2. Facts regarding Story trans EOOD and LVK - 56 EOOD

The recent decisions were based on the following facts: Both companies, the Stroy trans EEOD and LVK - 56 EOOD, had deducted VAT from invoices for the purchase of diesel fuel and other products. The Bulgarian tax administration requested the supplier and sub-supplier to submit documents which demonstrate the supply of goods. The suppliers were unable to completely comply with the request itself and were further unable to submit the documentation they did have within the specified time. LVK - 56 EOOD submitted incorrect delivery notes, weight certificates and bills of lading. From the Bulgarian tax administration’s point of view, the customers failed to reasonably demonstrate the actual supply of goods and therefore denied VAT deduction. Stroy trans EOOD and LVK - 56 EOOD assured the tax authorities that a supply of goods had actually taken place. They referred to, inter alia, the fact that the tax administration imposed VAT on the supply of goods. For this reason, the supplies had to be considered as having been carried out.
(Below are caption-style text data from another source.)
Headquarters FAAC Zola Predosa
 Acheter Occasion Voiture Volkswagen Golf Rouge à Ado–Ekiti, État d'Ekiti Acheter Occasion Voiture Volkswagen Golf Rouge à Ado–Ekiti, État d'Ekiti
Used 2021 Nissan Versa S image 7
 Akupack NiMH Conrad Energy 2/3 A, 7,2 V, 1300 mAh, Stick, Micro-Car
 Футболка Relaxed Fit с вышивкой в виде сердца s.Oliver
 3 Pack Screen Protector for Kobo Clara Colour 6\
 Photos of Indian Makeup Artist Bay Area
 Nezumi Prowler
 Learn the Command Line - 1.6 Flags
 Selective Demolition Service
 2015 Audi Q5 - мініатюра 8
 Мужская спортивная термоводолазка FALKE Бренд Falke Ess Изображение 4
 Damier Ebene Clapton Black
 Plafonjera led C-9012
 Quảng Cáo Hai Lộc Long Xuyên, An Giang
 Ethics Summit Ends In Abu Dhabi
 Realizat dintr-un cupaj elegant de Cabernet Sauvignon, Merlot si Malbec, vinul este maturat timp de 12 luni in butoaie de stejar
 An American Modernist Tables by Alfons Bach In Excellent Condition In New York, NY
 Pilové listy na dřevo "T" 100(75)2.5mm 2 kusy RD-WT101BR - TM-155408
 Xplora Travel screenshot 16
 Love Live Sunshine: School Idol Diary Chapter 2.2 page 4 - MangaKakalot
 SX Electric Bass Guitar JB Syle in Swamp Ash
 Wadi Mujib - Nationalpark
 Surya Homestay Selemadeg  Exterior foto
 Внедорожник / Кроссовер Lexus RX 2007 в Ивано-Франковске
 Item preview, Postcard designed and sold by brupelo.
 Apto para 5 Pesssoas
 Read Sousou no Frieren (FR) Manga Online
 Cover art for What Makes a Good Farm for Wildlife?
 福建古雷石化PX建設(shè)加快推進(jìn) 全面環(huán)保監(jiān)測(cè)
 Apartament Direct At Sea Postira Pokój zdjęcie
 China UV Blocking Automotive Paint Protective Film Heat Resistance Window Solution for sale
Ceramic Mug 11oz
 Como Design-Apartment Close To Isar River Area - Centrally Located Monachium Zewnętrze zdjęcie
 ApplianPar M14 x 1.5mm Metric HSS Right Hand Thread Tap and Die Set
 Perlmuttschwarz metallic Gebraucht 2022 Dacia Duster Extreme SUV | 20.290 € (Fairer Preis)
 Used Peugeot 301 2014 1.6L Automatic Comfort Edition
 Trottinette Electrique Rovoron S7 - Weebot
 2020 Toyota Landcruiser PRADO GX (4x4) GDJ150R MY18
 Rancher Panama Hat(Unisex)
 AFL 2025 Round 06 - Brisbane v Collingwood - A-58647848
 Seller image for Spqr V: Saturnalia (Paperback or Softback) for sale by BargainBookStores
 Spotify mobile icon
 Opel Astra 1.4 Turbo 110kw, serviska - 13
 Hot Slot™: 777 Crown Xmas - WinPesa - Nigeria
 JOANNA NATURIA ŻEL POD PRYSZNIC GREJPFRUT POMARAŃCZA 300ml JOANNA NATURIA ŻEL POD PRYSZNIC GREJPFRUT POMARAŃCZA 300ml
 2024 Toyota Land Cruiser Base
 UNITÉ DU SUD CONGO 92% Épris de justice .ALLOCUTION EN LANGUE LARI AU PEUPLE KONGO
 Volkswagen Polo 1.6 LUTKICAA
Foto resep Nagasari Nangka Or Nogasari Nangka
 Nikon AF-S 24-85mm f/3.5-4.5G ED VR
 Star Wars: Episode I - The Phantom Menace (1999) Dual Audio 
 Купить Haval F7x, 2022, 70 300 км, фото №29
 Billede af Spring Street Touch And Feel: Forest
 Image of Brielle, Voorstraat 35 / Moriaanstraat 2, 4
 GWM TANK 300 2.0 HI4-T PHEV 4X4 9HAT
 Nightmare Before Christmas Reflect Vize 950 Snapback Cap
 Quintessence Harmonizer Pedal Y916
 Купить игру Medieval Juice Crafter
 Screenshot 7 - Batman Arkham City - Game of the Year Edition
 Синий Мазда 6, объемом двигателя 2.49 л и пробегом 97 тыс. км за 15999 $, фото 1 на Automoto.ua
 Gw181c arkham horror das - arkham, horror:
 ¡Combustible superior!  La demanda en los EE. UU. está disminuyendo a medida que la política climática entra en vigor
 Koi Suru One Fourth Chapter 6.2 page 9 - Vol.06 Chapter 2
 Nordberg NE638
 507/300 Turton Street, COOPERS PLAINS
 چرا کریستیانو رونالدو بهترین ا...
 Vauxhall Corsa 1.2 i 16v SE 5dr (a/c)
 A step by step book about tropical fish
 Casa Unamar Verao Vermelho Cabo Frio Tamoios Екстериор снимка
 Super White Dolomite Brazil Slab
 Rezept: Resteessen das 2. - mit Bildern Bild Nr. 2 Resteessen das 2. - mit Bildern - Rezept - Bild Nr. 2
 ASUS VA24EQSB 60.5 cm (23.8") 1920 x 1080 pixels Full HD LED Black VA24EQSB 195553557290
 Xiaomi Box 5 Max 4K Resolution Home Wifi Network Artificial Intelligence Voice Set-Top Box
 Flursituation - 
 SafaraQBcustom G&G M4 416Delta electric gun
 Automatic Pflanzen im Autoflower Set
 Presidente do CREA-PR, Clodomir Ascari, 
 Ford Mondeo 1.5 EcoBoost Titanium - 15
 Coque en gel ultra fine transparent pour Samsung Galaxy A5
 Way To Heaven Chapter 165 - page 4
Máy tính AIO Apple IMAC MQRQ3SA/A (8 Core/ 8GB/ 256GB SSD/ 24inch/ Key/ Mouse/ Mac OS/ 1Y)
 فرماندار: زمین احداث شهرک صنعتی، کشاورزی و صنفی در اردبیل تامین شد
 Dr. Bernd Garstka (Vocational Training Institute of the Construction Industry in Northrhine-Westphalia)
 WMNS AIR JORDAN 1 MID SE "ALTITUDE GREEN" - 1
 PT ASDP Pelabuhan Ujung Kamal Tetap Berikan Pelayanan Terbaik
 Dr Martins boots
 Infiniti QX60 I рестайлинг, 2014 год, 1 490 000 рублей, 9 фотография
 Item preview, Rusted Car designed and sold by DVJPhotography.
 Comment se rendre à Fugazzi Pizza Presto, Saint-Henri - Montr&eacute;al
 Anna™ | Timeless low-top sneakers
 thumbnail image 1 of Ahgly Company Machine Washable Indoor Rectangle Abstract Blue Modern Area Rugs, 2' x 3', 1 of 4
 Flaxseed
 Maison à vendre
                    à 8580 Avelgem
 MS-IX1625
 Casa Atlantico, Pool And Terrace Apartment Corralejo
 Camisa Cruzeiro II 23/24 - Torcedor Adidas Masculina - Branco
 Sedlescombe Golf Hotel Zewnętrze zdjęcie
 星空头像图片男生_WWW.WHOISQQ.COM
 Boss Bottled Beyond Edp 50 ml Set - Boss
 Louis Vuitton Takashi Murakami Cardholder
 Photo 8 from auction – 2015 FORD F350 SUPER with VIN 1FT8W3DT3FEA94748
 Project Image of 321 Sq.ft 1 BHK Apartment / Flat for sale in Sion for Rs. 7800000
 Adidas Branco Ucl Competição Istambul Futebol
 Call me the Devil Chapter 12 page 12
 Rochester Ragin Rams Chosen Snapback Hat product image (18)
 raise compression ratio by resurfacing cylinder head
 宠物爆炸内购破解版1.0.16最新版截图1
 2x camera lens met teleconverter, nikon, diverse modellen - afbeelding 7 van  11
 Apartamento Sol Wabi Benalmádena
3. Tax authority bears burden of proof

If the fiscal authority assumes, as a result of the documents produced, that supplies have not been carried out and, if the customer denies this assumption, the national court is required to carry out an examination in accordance with the particular country’s rules of evidence. This entails a full assessment of all points of view as well as consideration of the actual circumstances. However, even in a case such as this, it would not be compatible with the basic principles of VAT legislation, to deny a VAT deduction to a taxable person who was unaware or incapable of becoming aware that the relevant supply constituted part of a tax fraud committed by the supplier or sub-supplier. The fiscal authority has to prove whether the customer knew or should have known about the tax fraud committed based on an objective viewpoint.

As in the cases of Mahagében Kft and Péter Dávid (para. 60, 61, 66), the ECJ points out that the fiscal authorities cannot generally require the customer to check whether the issuer of an invoice is a taxable person, has had the relevant goods in his possession and has fulfilled his tax obligations.

Furthermore, the ECJ has clarified that, in cases in which there are irregularities (i. e. incomplete accounting) on the supplier or sub-supplier’s part, the consideration of evidence shall not result in an indirect obligation being placed on the customer to check on the activities of the other party. The customer is principally not obliged to do so.

4. Conclusion

The ECJ continues its business-friendly jurisdiction with its latest two judgments. The ECJ’s statements make it more difficult for the fiscal authority to deny VAT deduction to customers in cases in which the fiscal authority does not consider the transaction to actually have been carried out.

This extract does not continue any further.